DESCRIPTION OF THE TASK: Look through the records below for the line holding "Amadou Onana pictured". Write it out exactly, with each following line through the line holding "Hanging Candle Lantern".

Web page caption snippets
++++++
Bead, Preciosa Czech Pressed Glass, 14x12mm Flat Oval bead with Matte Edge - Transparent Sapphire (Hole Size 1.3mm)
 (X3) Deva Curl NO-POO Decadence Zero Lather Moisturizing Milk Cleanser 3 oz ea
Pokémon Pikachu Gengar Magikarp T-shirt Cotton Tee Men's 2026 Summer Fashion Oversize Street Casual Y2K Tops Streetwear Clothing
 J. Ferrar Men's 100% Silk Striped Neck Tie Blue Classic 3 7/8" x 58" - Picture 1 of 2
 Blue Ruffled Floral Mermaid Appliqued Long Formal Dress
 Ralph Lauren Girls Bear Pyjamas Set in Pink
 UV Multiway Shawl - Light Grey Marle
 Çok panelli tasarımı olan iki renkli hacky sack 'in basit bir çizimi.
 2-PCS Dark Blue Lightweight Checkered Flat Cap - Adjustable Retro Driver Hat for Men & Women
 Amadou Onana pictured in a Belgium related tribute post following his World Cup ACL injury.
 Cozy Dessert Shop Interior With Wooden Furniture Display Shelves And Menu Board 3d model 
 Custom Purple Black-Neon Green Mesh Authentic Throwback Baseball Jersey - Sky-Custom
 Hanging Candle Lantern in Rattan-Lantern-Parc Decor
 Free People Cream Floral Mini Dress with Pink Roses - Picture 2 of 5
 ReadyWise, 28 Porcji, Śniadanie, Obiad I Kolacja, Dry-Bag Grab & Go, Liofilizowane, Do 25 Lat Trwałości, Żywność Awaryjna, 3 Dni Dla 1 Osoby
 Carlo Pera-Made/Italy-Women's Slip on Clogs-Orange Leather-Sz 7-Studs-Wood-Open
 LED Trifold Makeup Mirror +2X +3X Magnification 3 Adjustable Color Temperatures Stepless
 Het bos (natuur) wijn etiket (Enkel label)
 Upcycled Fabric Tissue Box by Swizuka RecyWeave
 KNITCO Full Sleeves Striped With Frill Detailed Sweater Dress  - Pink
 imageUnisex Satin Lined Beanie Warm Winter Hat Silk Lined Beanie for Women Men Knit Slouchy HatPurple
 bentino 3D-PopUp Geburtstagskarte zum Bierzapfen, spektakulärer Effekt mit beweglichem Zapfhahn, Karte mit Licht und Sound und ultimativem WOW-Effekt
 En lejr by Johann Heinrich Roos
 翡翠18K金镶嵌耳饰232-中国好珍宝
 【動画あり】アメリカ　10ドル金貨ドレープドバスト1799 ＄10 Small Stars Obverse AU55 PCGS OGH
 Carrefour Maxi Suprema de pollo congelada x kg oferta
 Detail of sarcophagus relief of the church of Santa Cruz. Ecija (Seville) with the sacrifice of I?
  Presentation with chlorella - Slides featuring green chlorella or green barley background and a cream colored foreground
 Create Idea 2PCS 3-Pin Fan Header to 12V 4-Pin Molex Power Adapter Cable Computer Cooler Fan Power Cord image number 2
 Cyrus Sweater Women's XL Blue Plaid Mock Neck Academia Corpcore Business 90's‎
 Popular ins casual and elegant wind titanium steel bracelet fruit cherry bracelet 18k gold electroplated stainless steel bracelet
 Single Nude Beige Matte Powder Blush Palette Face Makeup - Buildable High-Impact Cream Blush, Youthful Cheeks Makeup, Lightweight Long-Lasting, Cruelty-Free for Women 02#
++++++
ANSWER BOX:
 Amadou Onana pictured in a Belgium related tribute post following his World Cup ACL injury.
 Cozy Dessert Shop Interior With Wooden Furniture Display Shelves And Menu Board 3d model 
 Custom Purple Black-Neon Green Mesh Authentic Throwback Baseball Jersey - Sky-Custom
 Hanging Candle Lantern in Rattan-Lantern-Parc Decor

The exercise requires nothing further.